* [Instructions to follow] In the entries below, begin at the line that has "Novelty Mens Short", stop after the line that has "Woolrich Pet Dog", and output those lines exactly with no pictures.

* [Data for review]

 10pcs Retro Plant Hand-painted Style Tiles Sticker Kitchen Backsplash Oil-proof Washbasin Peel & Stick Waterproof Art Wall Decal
--
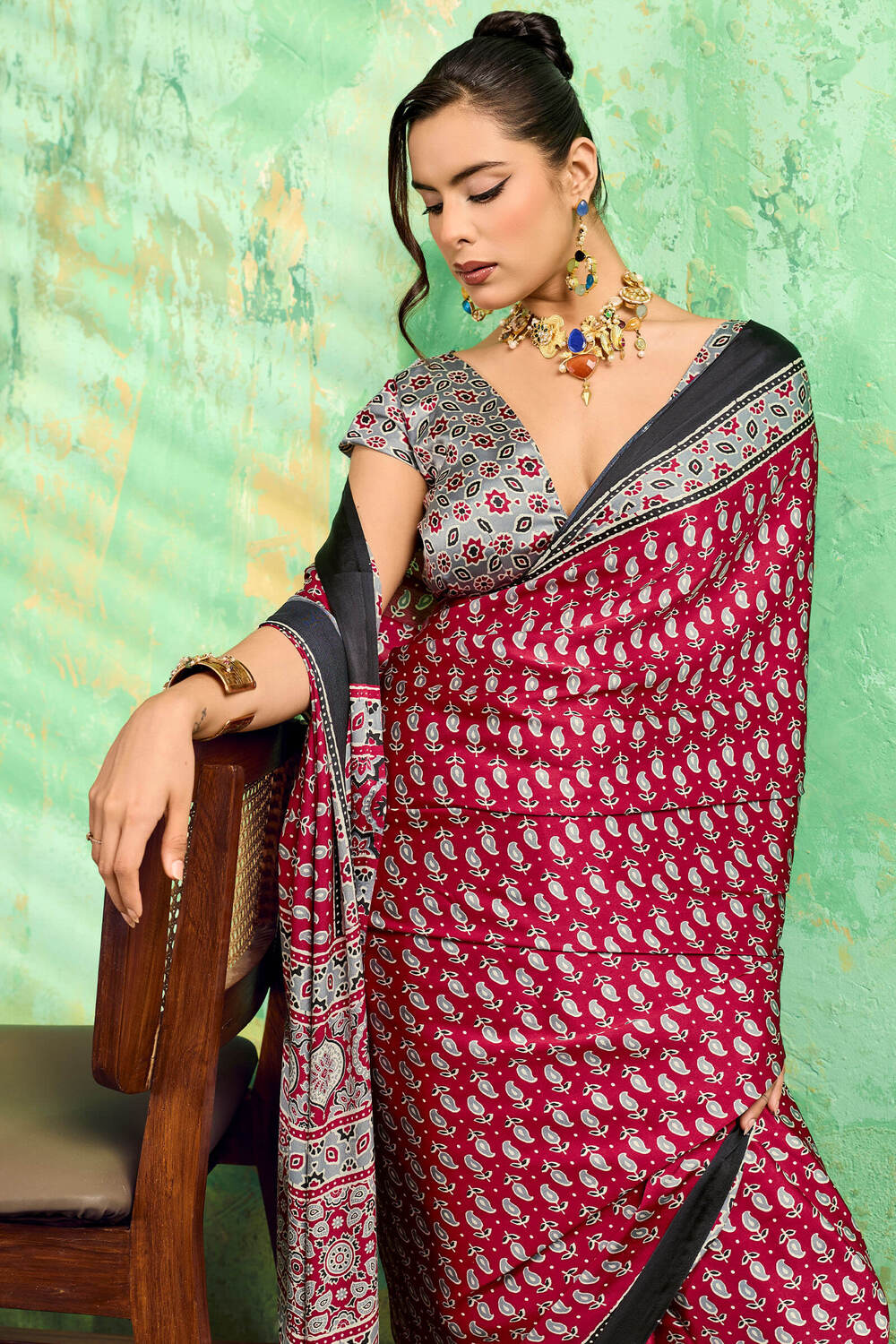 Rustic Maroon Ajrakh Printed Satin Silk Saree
* * *
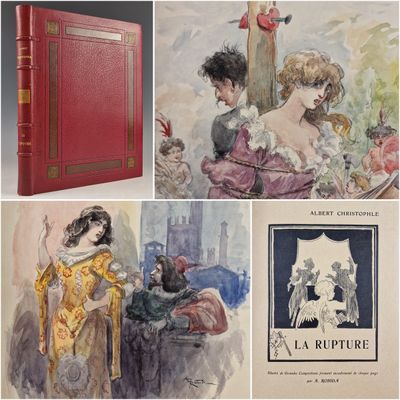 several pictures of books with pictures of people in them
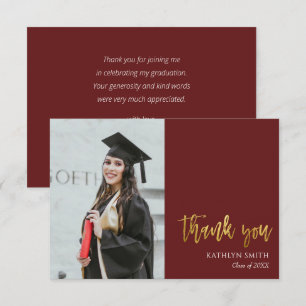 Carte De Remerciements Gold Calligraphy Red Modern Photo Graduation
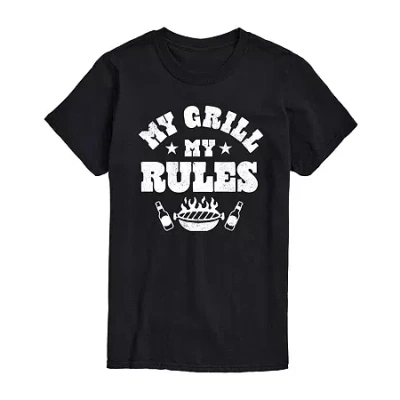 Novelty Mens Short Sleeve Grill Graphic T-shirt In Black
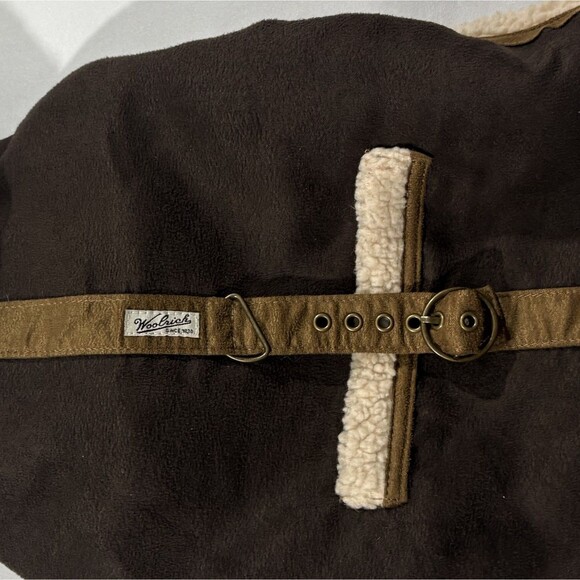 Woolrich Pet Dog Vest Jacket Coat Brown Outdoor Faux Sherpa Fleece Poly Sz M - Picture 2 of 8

* [Written reply]
 Novelty Mens Short Sleeve Grill Graphic T-shirt In Black
 Woolrich Pet Dog Vest Jacket Coat Brown Outdoor Faux Sherpa Fleece Poly Sz M - Picture 2 of 8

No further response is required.